The Irish country house: its past, present and future (2011)

Terence Dooley & Christopher Ridgway (editors)

This volume of essays emanates from the highly successful Historic Houses of Ireland Conference held at NUI Maynooth each year since 2003. Edited by: Terence Dooley, Director of the Centre for the Study of Historic Irish Houses and Estates at NUI Maynooth, and Christopher Ridgway, Curator of Castle Howard in Yorkshire, UK.


  • R.V. Comerford: Foreword
  • Patrick Walsh: William Conolly and Castletown
  • Finola O’Kane: The making of Mount Merrion, Co. Dublin
  • Judith Hill: The uses of the past in Adare, Co. Limerick
  • Patrick Cosgrove: Irish landlords and the Wyndham Land Act, 1903
  • Ciarán J. Reilly: The burning of country houses in Co. Offaly during the revoloutionary period, 1920-3
  • Olwen Purdue: Big house society in Northern Ireland, 1921–69
  • Terence Dooley: Social life at Castle Hyde, 1931–88
  • Karol Mullaney-Dignam: The Music in the Irish country house project
  • Danielle O’Donovan & Jennifer McCrea: Education and the historic house
  • Christopher Ridgway: Making and meaning in the country house
  • Allen Warren: The Twilight of the ascendancy and the big house



‘Interesting reading … we have come a long way in reimagining the country house’, Patricia McCarthy, Irish Arts Review (Autumn 2011).
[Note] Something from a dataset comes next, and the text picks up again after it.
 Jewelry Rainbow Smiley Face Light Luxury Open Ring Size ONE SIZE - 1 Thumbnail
‘Several broad themes are addressed within The Irish Country House, namely the construction and architectural styles of these buildings and their associated demesne landscapes; the demise of landlordism in the early part of the twentieth century; the fate of these houses in both the Republic and Northern Ireland; the role of music in the Irish country house and the use of “big” houses today as educational facilities and tourist attractions. The volume strikes a good balance between case study-focused chapters and those with a broader scope … From academics interested in accessing some of the latest research in the field of historic house, estate and demesne landscape studies, to those involved in the management and running of these houses as educational facilities and tourist attractions, to local and state authorities and the general public, this well illustrated, very readable book comes highly recommended’, Jonathan Cherry, Irish Literary Supplement (Fall 2011).
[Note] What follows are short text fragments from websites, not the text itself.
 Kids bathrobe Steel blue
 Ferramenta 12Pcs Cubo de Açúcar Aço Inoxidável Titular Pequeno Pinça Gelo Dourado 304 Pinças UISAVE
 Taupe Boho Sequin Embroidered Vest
‘For some [country houses] were a symbol of oppression and decadence. Now they are simply a fascinating example of history brought to life … this book provides a long and intensely interesting argument for the preservation not only of a house itself but of its written records, its muniments. For these are the history of the place, of the estate, of the village or town, of the townland, of its farms and holdings … in other chapters there is a disturbing examination of our most vicious expression of animosity, that triumph of reprisal and sometimes undisguised greed, which for years made Ireland resemble the Zimbabwe we learn of today with cattle drives, stolen stock, and the sometimes brutal destruction of thriving farms … The Irish Country House: its past, present and future celebrates above all the ability of such places to transform themselves, time after time’, Mary Leland, Irish Examiner (July 2011).
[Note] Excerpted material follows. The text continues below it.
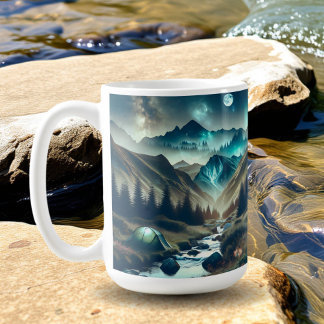 Caneca De Café Cena de Acampamento com Montanhas e Tent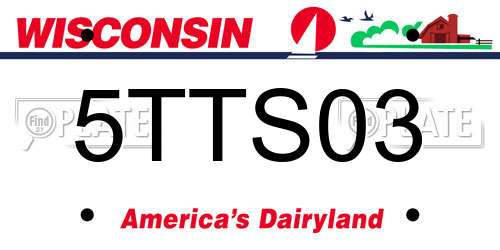5TTS03 Wisconsin License Plate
‘This collection of essays on the history of Irish country houses showcases scholarship in a variety of areas relating to the cultural history of this important facet of colonial and elite society life … Individual articles include tables, period photographs and illustrations. Contributors include historians from a variety of Irish universities’, Reference & Research Book News (August 2011).